Task:
Your job is to return each record exactly, minus any pictures.

Supplied records:
◇ ◇ ◇ ◇ ◇ ◇ ◇

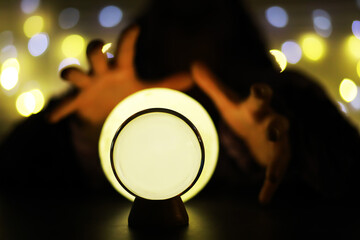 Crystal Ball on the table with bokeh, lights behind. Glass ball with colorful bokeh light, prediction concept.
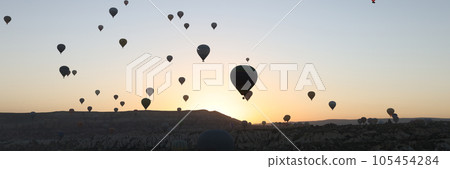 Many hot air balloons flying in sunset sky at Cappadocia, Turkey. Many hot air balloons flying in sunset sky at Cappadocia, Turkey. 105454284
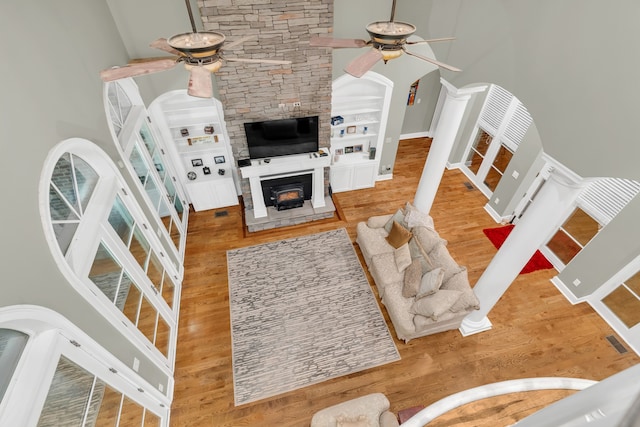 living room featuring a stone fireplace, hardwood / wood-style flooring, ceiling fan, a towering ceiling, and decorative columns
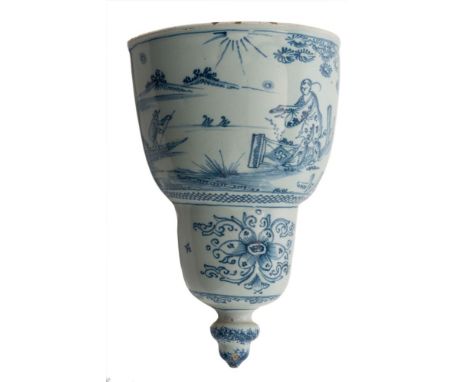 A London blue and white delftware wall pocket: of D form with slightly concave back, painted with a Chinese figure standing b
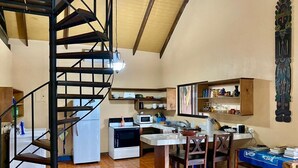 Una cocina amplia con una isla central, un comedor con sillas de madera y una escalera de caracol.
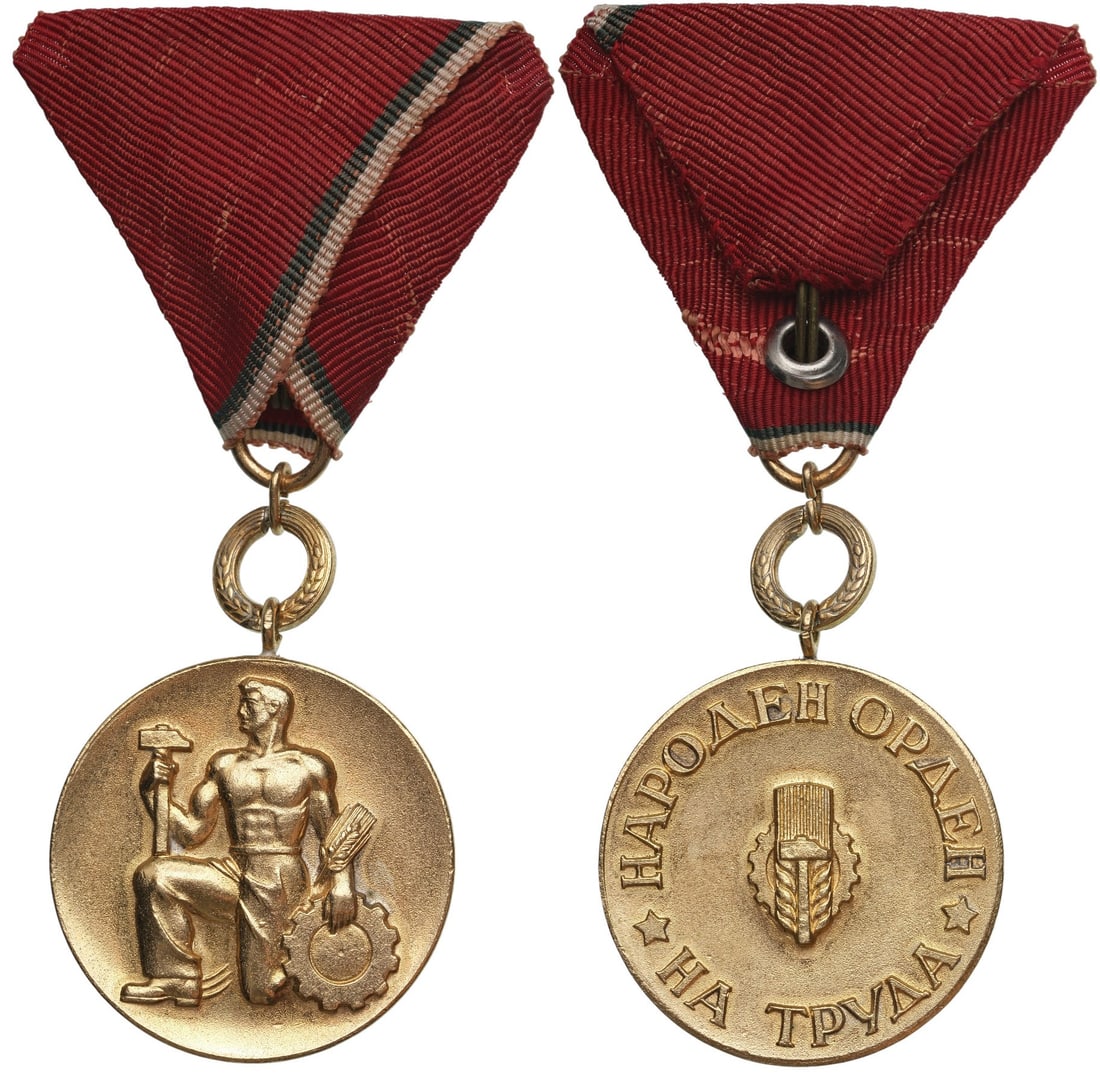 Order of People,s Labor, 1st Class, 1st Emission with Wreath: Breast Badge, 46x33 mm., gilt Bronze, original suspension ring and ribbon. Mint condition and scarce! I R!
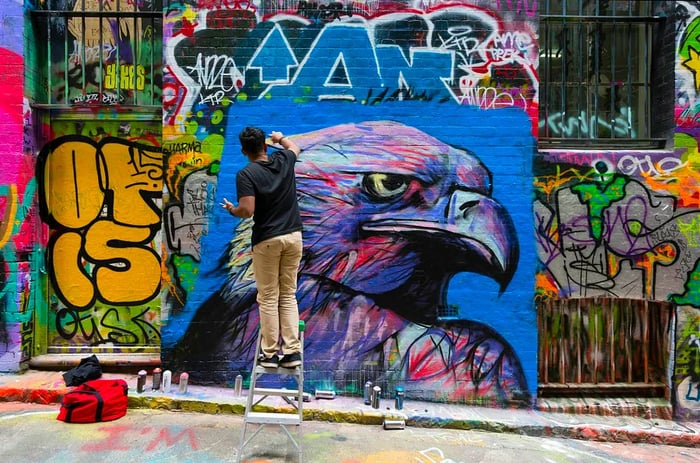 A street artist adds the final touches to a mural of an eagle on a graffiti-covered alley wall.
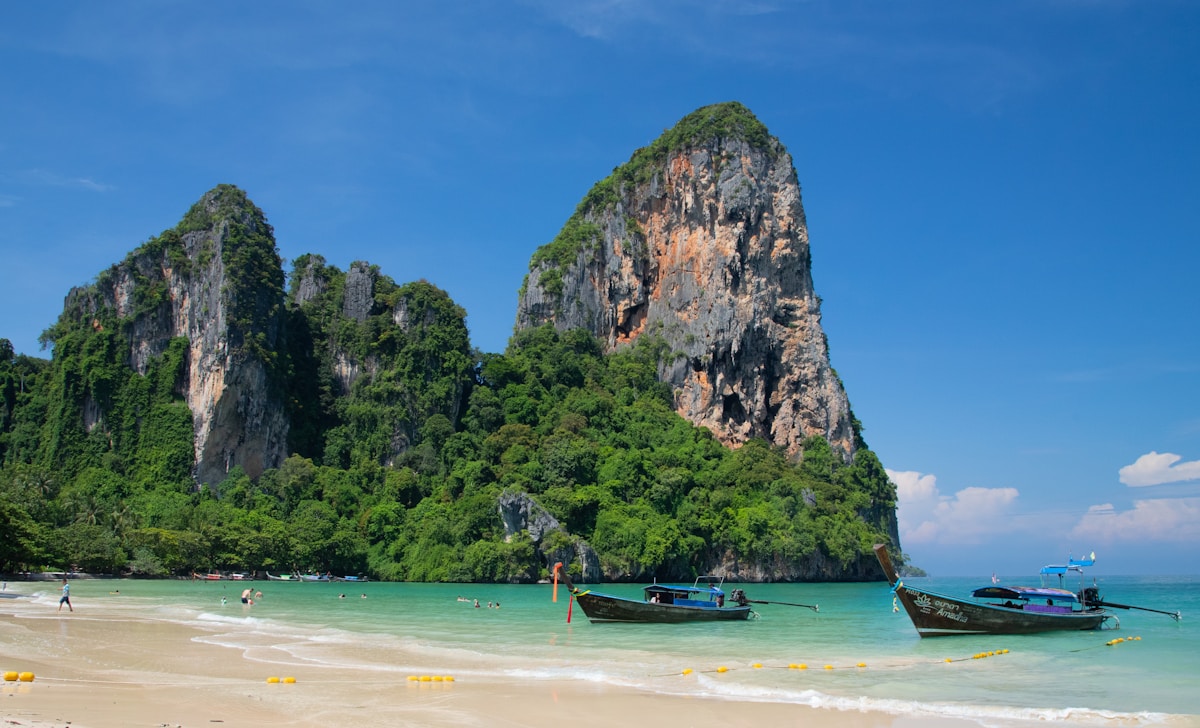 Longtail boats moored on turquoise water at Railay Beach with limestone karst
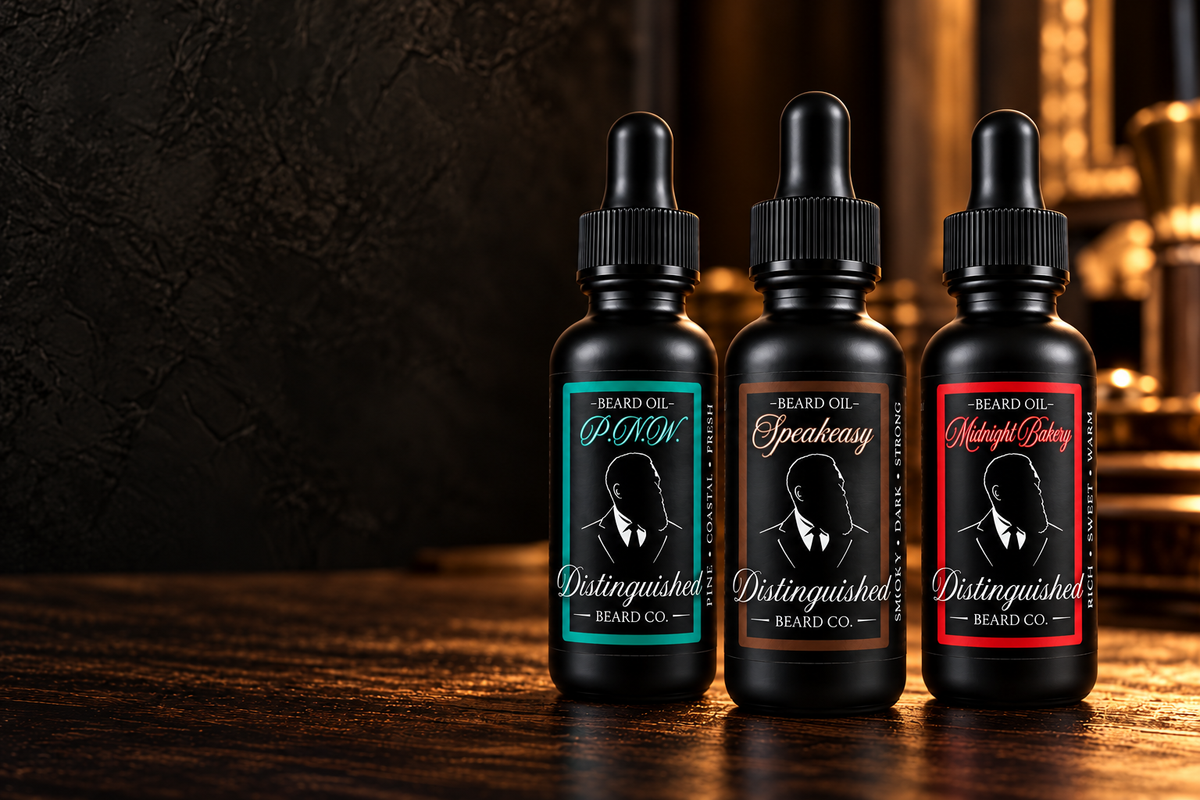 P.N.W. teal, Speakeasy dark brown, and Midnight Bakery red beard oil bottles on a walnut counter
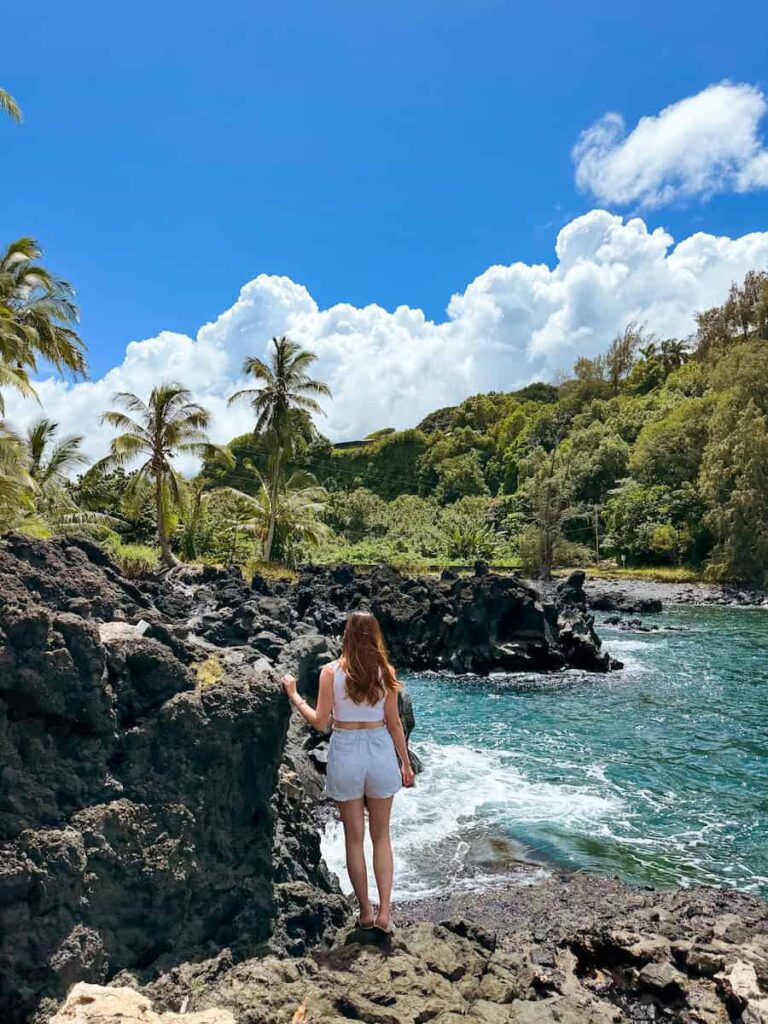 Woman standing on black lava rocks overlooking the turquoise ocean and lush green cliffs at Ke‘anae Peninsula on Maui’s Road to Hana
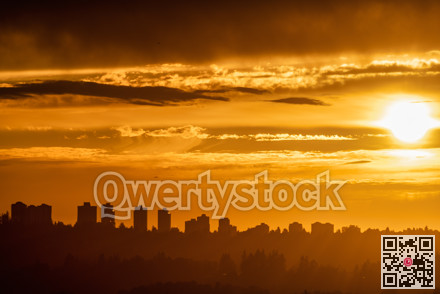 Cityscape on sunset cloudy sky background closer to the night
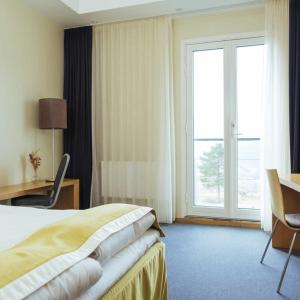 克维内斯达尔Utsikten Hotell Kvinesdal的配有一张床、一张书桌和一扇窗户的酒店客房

◇ ◇ ◇ ◇ ◇ ◇ ◇

Task answer:
 Crystal Ball on the table with bokeh, lights behind. Glass ball with colorful bokeh light, prediction concept.
 Many hot air balloons flying in sunset sky at Cappadocia, Turkey. Many hot air balloons flying in sunset sky at Cappadocia, Turkey. 105454284
 living room featuring a stone fireplace, hardwood / wood-style flooring, ceiling fan, a towering ceiling, and decorative columns
 A London blue and white delftware wall pocket: of D form with slightly concave back, painted with a Chinese figure standing b
 Una cocina amplia con una isla central, un comedor con sillas de madera y una escalera de caracol.
 Order of People,s Labor, 1st Class, 1st Emission with Wreath: Breast Badge, 46x33 mm., gilt Bronze, original suspension ring and ribbon. Mint condition and scarce! I R!
 A street artist adds the final touches to a mural of an eagle on a graffiti-covered alley wall.
 Longtail boats moored on turquoise water at Railay Beach with limestone karst
 P.N.W. teal, Speakeasy dark brown, and Midnight Bakery red beard oil bottles on a walnut counter
 Woman standing on black lava rocks overlooking the turquoise ocean and lush green cliffs at Ke‘anae Peninsula on Maui’s Road to Hana
 Cityscape on sunset cloudy sky background closer to the night
 克维内斯达尔Utsikten Hotell Kvinesdal的配有一张床、一张书桌和一扇窗户的酒店客房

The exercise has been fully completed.